PM Modi and PM Rajapaksa’s recent virtual summit has given the India-Sri Lanka relation a new dimension in the pandemic era. In August 2020, when he took over as Sri Lanka’s foreign minister, Jayanath Colambage had clearly stated, that for Sri Lanka’s strategic and security policy, it will always be “India First”. The virtual summit had seen two very significant developments: One was the agreement on strengthening defence cooperation; and, two, the crucial announcement by PM Modi, in line with his commitment towards re-kindling civilisational ties, that India would give a grant assistance of “$15 million for the promotion of Buddhist ties between the two countries”. This offers immense scope for a long-lasting re-invention of our civilisational linkages.

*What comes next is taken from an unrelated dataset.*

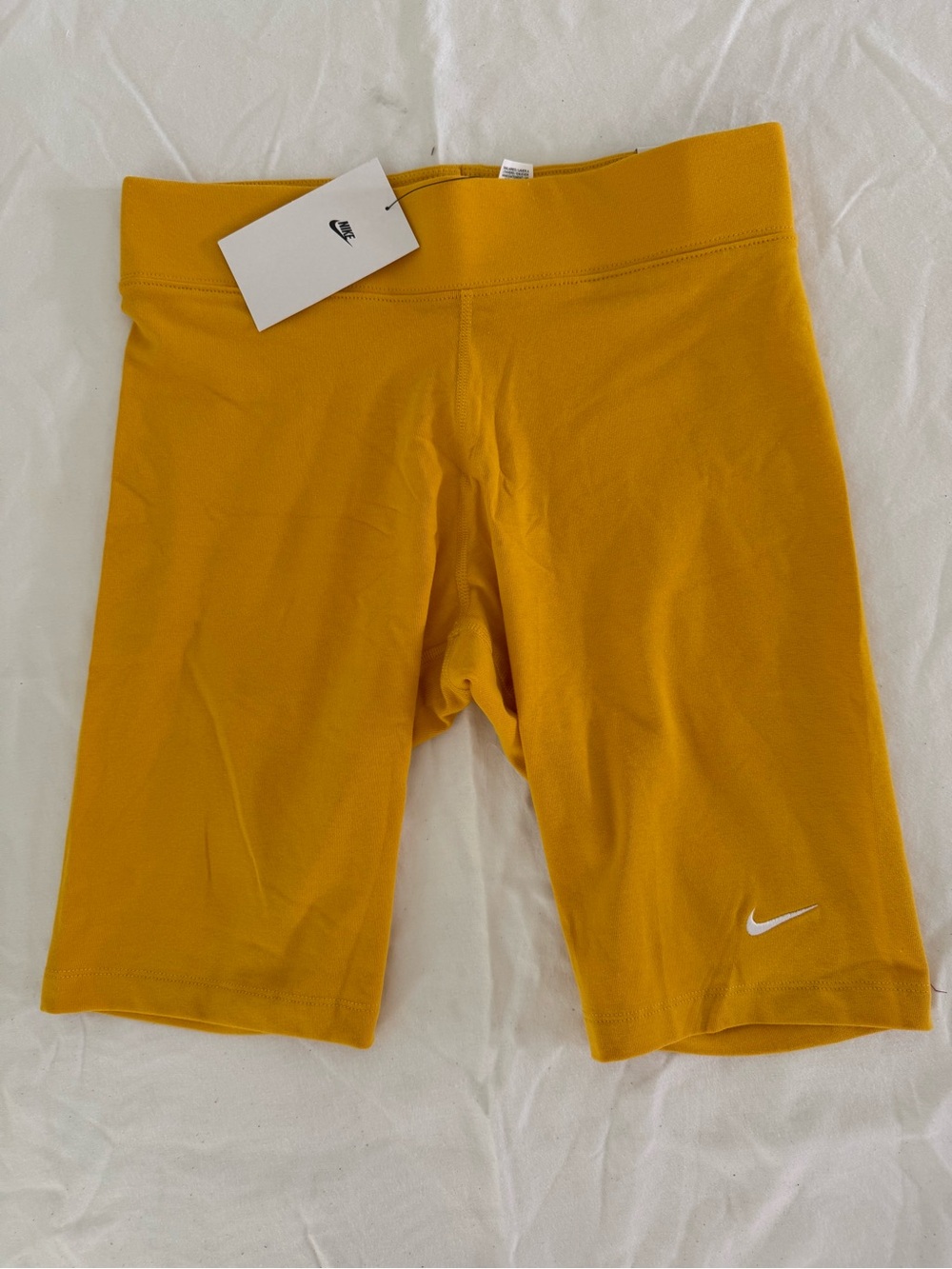 New womens Sz M Nike Mustard Yellow biking  Shorts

The Indian Foreign Secretary’s recent visit to Dhaka, the first since Covid struck, was a highly successful one. The successful completion of the LBA in 2015 was a landmark in the India-Bangladesh relation in the last four-plus decades and now the Beximco and Serum Institute of India (SII) agreement for Dhaka to be given “priority-access” to the Covid vaccine is a major step towards fulfilling India’s ‘neighbourhood first’ policy.

The launch of the direct Maldives-India Cargo Ferry Service has further enhanced our partnership with this crucial Indian Ocean island nation. The work on the expansion of the Hanimaadhoo International Airport has already started, with the Airport Authority of India team moving in and completing the survey for the work to begin. This will be one of the largest infrastructure projects in recent times and will give a major boost to the Maldivian tourism industry. The whole of India’s credit line system and diplomacy is based on transparency and sensitivity and is meant to completely empower and enhance the receiving country and fulfil its requirements. India’s financial package of $250 million for the Maldives during the pandemic period is also the largest by a bilateral partner.

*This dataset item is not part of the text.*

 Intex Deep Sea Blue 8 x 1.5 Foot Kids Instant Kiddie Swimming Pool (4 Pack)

Meanwhile, Myanmar is clearly rethinking and reassessing its approach to BRI and is in the process of diversifying its outreach and has started working on expanding its relations with India.

Far from losing friends, India’s neighbourhood is seeing a new narrative of engagement evolving with the creed and vision of SAGAR at its centre. It is a narrative of partnership that is far-seeing, dynamic and driven by transparency, accountability and a fundamental conviction that India’s neighbourhood needs to emerge as a dynamo of growth and prosperity for the people of the region and beyond. Prime Minister Modi has not only reiterated this in the last six years but has actualised it on the ground.

The Congress party’s leadership has lost its international perspective and it is beholden to the anti-India fringe and is, therefore, afflicted with the false spectre of a friendless India! The reality is convincingly otherwise.